Louis Vuitton un inno al consumismo


Il debutto maschile di Pharrell Williams per Louis Vuitton viene celebrato come un grande party con il ritmo musicale del coro gospel Voices of Fire davanti a 1400 invitati sul ponte Pont Neuf. La collezione è molto variegata ma ha come filo conduttore l’esternazione del lusso in modo urlato con il logo anche in dimensioni macro quasi a voler mostrare a tutti, anche da lontano, io posso permettermi Louis Vuitton.
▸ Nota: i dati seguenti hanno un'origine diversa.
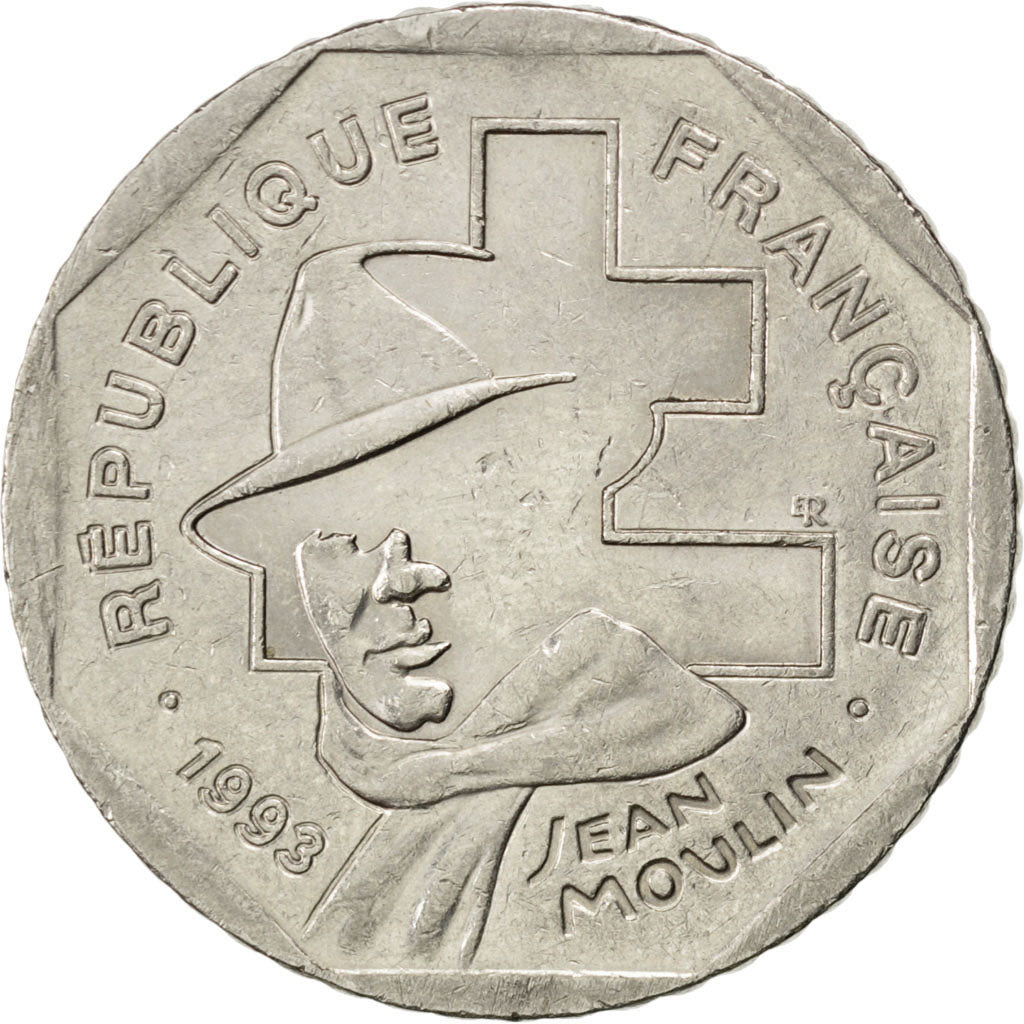 Francia, Jean Moulin, 2 Francs, 1993, BB+, Nichel, KM:1062, Gadoury:548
Ad evidenziare il marchio come segno riconoscitivo sono le scacchiere LV. Damier introdotte per la prima volta nel 1889. Il tema viene proposto su un camuflage pixelato chiamato da Williams “Damuflage”, sul jeans scolpito laser, sui tessuti ricamati con perline e non, sulla pelle, insomma ovunque. Per accentuare il massimalismo non risparmia l’uso di pellicce in visone intagliate con il disegno del logo o le pelli di coccodrillo con la scritta LV overs. Uno stile street wear da rapper in cui l’eccentricità è data dal catturare l’attenzione come è di tradizione per questo genere musicale. Louis Vuitton aveva già preso questa strada infatti propone tute da jogging, naturalmente ultra logate con la possibilità di personalizzazione con il nome del cliente. Il suo prodotto è inno al consumismo per i più ricchi del pianeta che si sentono appagati dal mostrare a tutti le proprie ricchezze in modo pacchiano con un fast fashion in cui l’entusiasmo di un acquisto dura solo il tempo di mostrarsi. Non voglio peccare di presunzione, ma questa collezione non la sento contemporanea. Per come la penso io, facendo un paragone al lusso automobilistico, il lusso non è una Bentley ricoperta d’oro e brillanti, il lusso è una Maybach.